The Atlantic City casino filed a petition with the Pennsylvania Gaming Control Board (PGCB) as a qualified gaming entity (QGE). The filing came just as the deadline for applicants was about to expire.
That makes two New Jersey casinos looking to spread their wings into neighboring PA: Golden Nugget and MGM, owners of the Borgata.
Pennsylvania had three different online licenses available:
- Slot machines
- Table games
Each license costs $4 million. Golden Nugget is petitioning for online slot machines and online table games only.
It shouldn’t be a surprise that it will forgo the online poker license. It does not offer online poker in New Jersey, and the industry has been struggling of late.
The PA online gaming market
Originally, there were 39 licenses available, 13 in each of the three categories. The licenses initially were open to the 13 PA casinos. After the dust settled, 11 licenses were still available.
The PGCB decided to put those licenses on the market to QGEs. The application deadline for QGEs to petition for a license was Oct. 31.
The PGCB will likely approve Golden Nugget’s and MGM’s request for a total of five of the remaining licenses.

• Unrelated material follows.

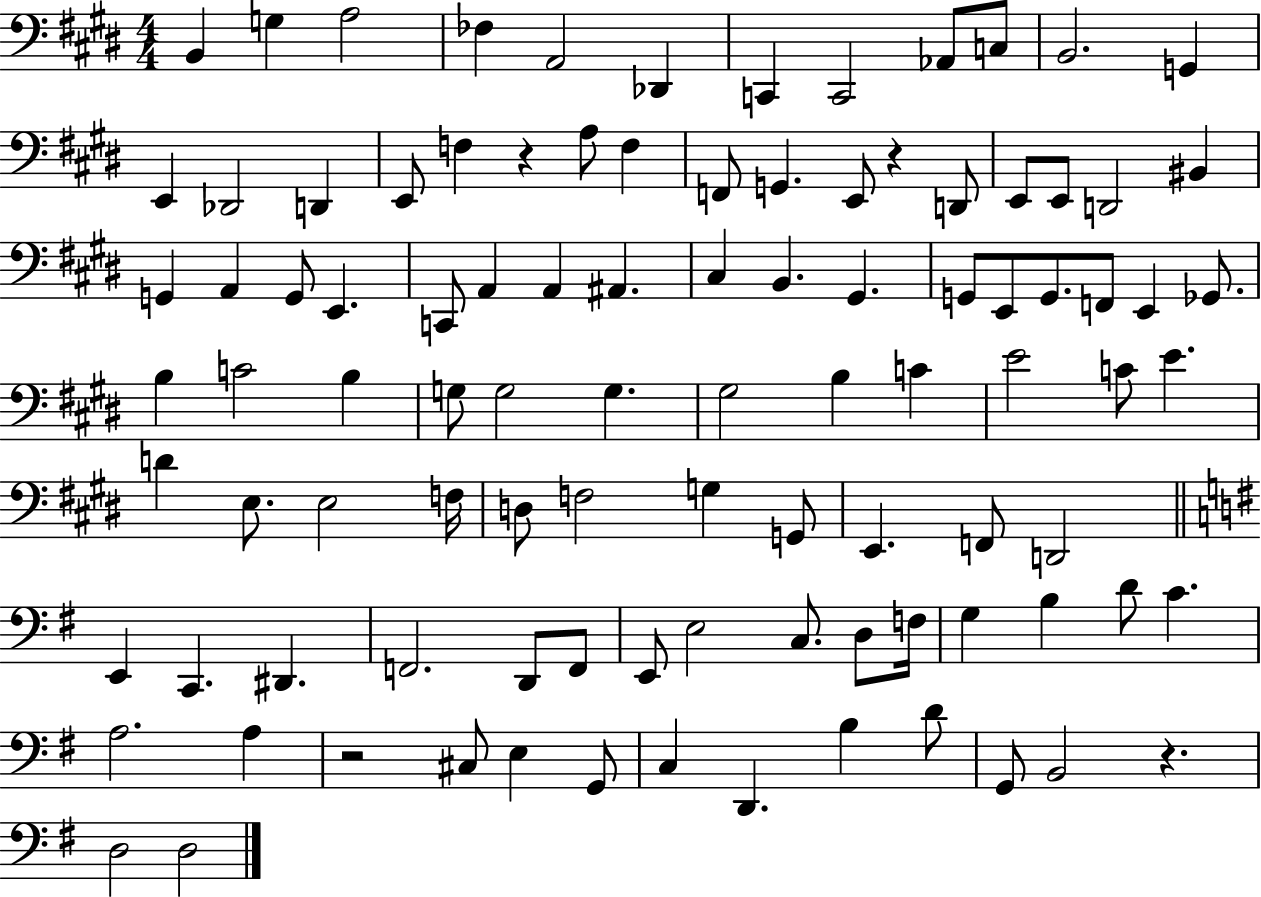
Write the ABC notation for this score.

The next meeting of the board is Nov. 28.
PA Gov. Tom Wolf signed the gaming expansion law legislation back in October 2017. It is now a year later, and the industry does not have a firm launch timeline.
Many experts are predicting the first half of 2019 as a reliable target. No doubt, having two experienced online casinos join the fray will be a boon to the nascent PA online gaming market.

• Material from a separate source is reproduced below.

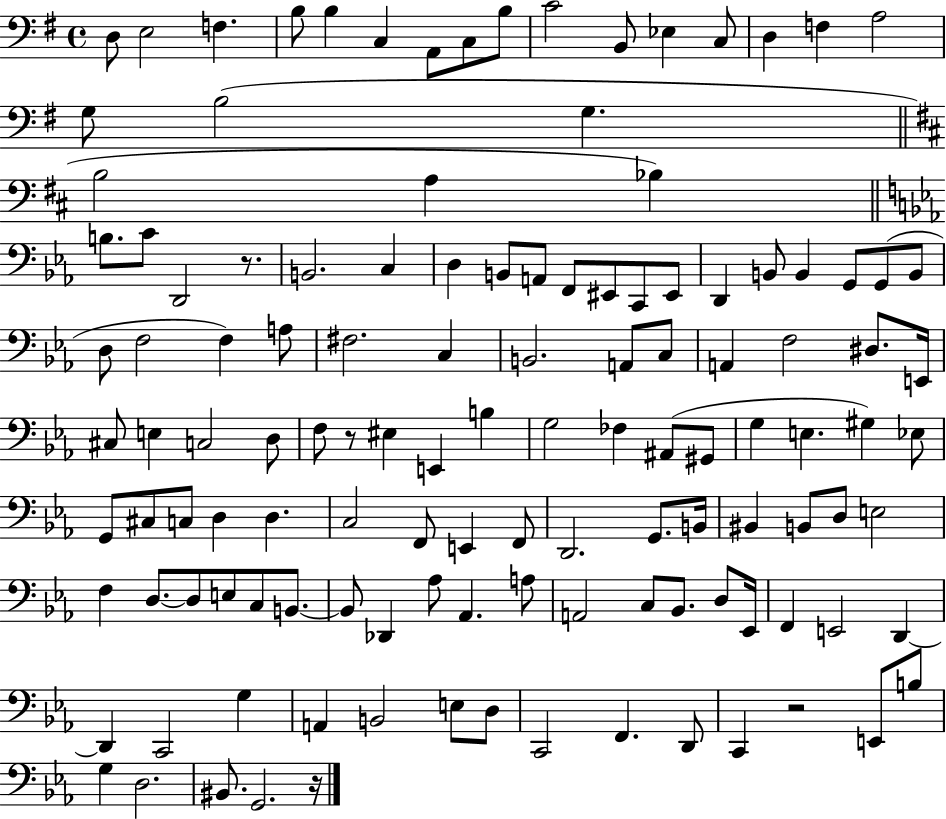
D3/e E3/h F3/q. B3/e B3/q C3/q A2/e C3/e B3/e C4/h B2/e Eb3/q C3/e D3/q F3/q A3/h G3/e B3/h G3/q. B3/h A3/q Bb3/q B3/e. C4/e D2/h R/e. B2/h. C3/q D3/q B2/e A2/e F2/e EIS2/e C2/e EIS2/e D2/q B2/e B2/q G2/e G2/e B2/e D3/e F3/h F3/q A3/e F#3/h. C3/q B2/h. A2/e C3/e A2/q F3/h D#3/e. E2/s C#3/e E3/q C3/h D3/e F3/e R/e EIS3/q E2/q B3/q G3/h FES3/q A#2/e G#2/e G3/q E3/q. G#3/q Eb3/e G2/e C#3/e C3/e D3/q D3/q. C3/h F2/e E2/q F2/e D2/h. G2/e. B2/s BIS2/q B2/e D3/e E3/h F3/q D3/e. D3/e E3/e C3/e B2/e. B2/e Db2/q Ab3/e Ab2/q. A3/e A2/h C3/e Bb2/e. D3/e Eb2/s F2/q E2/h D2/q D2/q C2/h G3/q A2/q B2/h E3/e D3/e C2/h F2/q. D2/e C2/q R/h E2/e B3/e G3/q D3/h. BIS2/e. G2/h. R/s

Golden Nugget and MGM banking on their reputations
Now, NJ is sending two of its casinos to PA.
Golden Nugget has been the online casino leader in the Garden State for quite a while now. It was the first to launch live dealer games in the state and its vast library of online casino games paid off big time for the company.
In September, Golden Nugget posted $9.3 million in NJ online gambling revenue. To put that in perspective, the seven other NJ gambling sites and their skins brought in a total of $24.1 million. And no other online casino has posted revenue of more than $5 million in a single month.
Borgata sits in second place with an online gambling revenue of $4.2 million in September. But it takes the lead in brick-and-mortar revenue with $60.5 million for the month.
That figure represents more than double its nearest competitor and that’s because Borgata is a popular destination for gaming enthusiasts on the East Coast including PA.
Why does all this matter?
Well, a brand entering a market for the first time is often at a disadvantage. In this case, though, both brands certainly have solid reputations with Pennsylvania gamblers that have made their way to Atlantic City in the past.
NJ online gaming experience matters, too
Not only do they have their reputation, but they also have the experience. That experience will help the NJ casinos avoid the missteps often seen as new companies expand their footprint.
One only has to look at FanDuel Sportsbook and its recent mistakes in New Jersey to understand the importance of experience. The pivot from daily fantasy sports to sports betting is not as smooth as it had hoped.
For now, Golden Nugget and MGM will await approval for the key to online gambling in the Keystone State. Look for a decision in late November.